━━━ Source material

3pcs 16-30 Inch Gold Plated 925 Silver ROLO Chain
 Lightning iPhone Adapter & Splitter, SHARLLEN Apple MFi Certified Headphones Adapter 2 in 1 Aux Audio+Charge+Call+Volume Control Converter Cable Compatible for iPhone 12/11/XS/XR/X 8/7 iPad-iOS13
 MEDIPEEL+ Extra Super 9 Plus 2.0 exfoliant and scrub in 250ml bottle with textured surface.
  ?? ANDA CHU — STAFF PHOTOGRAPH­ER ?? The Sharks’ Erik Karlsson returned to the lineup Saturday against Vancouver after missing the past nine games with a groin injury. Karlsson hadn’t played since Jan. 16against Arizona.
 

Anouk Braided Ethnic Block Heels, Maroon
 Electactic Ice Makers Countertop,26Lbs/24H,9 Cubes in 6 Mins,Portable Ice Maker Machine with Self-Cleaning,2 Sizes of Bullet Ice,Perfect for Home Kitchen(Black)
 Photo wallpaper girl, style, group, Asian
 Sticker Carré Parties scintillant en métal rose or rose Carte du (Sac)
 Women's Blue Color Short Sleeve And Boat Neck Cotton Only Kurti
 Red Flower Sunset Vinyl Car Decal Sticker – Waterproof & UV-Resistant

━━━━━━

* _Your objective_
Begin with the line that contains "Electactic Ice Makers" and print each line exactly until the data ends, including the last line.

* _Task solution_
 Electactic Ice Makers Countertop,26Lbs/24H,9 Cubes in 6 Mins,Portable Ice Maker Machine with Self-Cleaning,2 Sizes of Bullet Ice,Perfect for Home Kitchen(Black)
 Photo wallpaper girl, style, group, Asian
 Sticker Carré Parties scintillant en métal rose or rose Carte du (Sac)
 Women's Blue Color Short Sleeve And Boat Neck Cotton Only Kurti
 Red Flower Sunset Vinyl Car Decal Sticker – Waterproof & UV-Resistant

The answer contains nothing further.